DIGITAL LIBRARY
MACE: INTEGRATED ACCESS TO ARCHITECTURAL CONTENT DURING LEARNING
K.U.Leuven (BELGIUM)
About this paper:
Appears in: EDULEARN09 Proceedings
Publication year: 2009
Pages: 5310-5321
ISBN: 978-84-612-9801-3
ISSN: 2340-1117
Conference name: 1st International Conference on Education and New Learning Technologies
Dates: 6-8 July, 2009
Location: Barcelona ,Spain
Abstract:
The Communication from the European Commission "EDUCATION & TRAINING 2010" THE SUCCESS OF THE LISBON STRATEGY HINGES ON URGENT REFORMS [1] points out that the knowledge-driven society and economy the world walks towards demands higher investment in human resources, and this is driving Lifelong Learning (LLL) to become increasingly important – "Confronted with a likely extension of the average length of working life and ever more rapidly occurring economic and technological changes, people will have to update their competences and qualifications increasingly often.

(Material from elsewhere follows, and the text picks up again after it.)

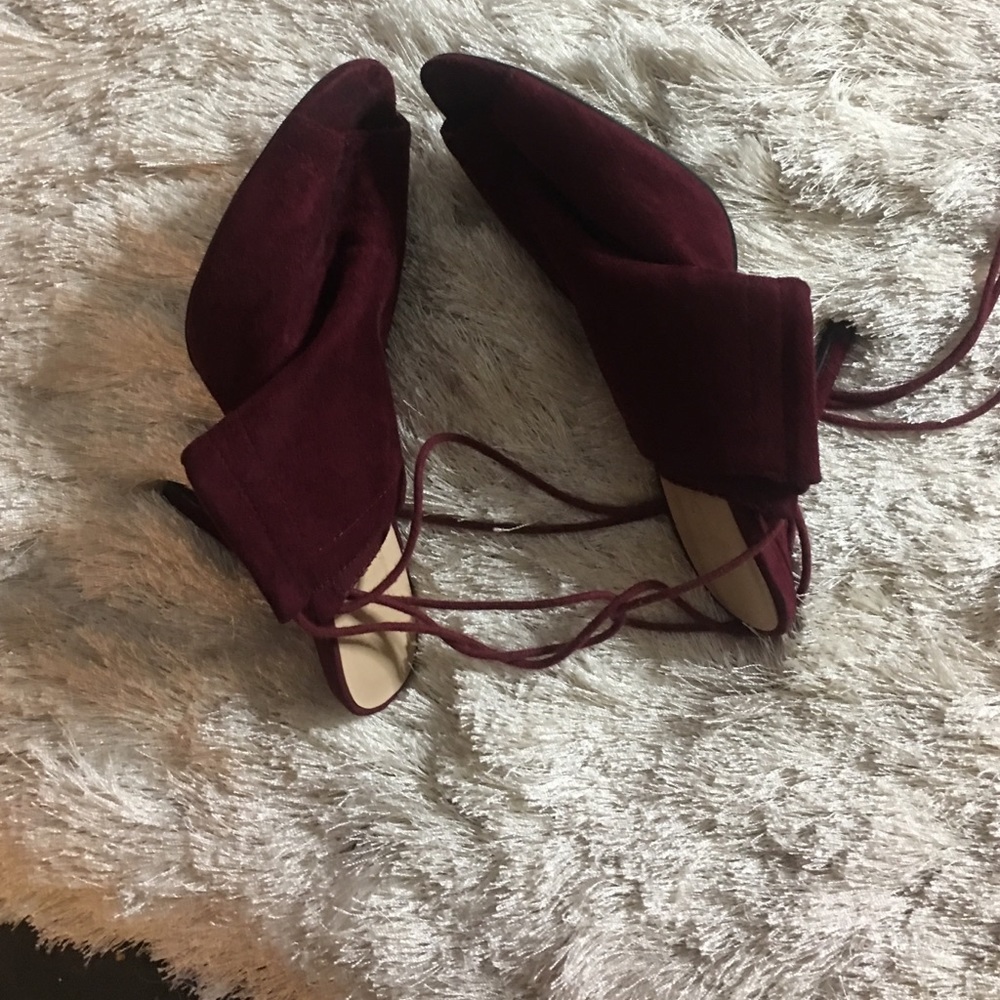 Burgundy lace up heels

At the same time, the knowledge society generates new needs in terms of social cohesion, active citizenship and personal fulfilment, and the answer to this lies solely in education and training".

It happens in regular teaching environments as well as in learning modes during and after graduation that knowledge is out of date within five years, and grows so fast that regular teaching ‘in school’ cannot cope with this knowledge boom in a comprehensive way. Therefore academic teaching evolves into teaching of principles, methods and attitudes, into a state of mind allowing LLL.
Subjects for LLL are produced by universities, by practice and by industry. They are disseminated via conferences, short courses and more and more via e-learning formulas. Today, subjects for learning are prepared by specialists, somewhere on earth, and disseminated via electronic means amongst distant users; e-repositories play a role of growing importance in this context.

In the domain of Architecture, Building Technology and Construction, a huge amount of digital contents and references useful to academic and professional users is available on line and in principle accessible from all over the world. However, because they reside in many unconnected and heterogeneous repositories, these contents are often hard to find with traditional search engines. The eContentPlus [2] project MACE – Metadata for Architectural Contents in Europe (2006-2009) [3] – sets out to connect architectural repositories, providing a framework for community based services such as finding, acquiring, using and discussing about architectural contents that were previously reachable only to small user groups. Contents are richly described with different types of metadata used by cutting-edge tools that provide a guided faceted search and suggest additional content possibly interesting in the user’s current context.

This document describes the achievements of the MACE project in terms of conceptual and technological tools developed to provide integrated access to architectural contents during the learning practice.

[1] http://europa.eu/eur-lex/en/com/cnc/2003/com2003_0685en01.pdf
[2] http://ec.europa.eu/information_society/activities/econtentplus/index_en.htm
[3] http://ec.europa.eu/information_society/activities/econtentplus/projects/edu/mace/index_en.htm

Keywords:
metadata, architecture, building technology, construction, search, learning.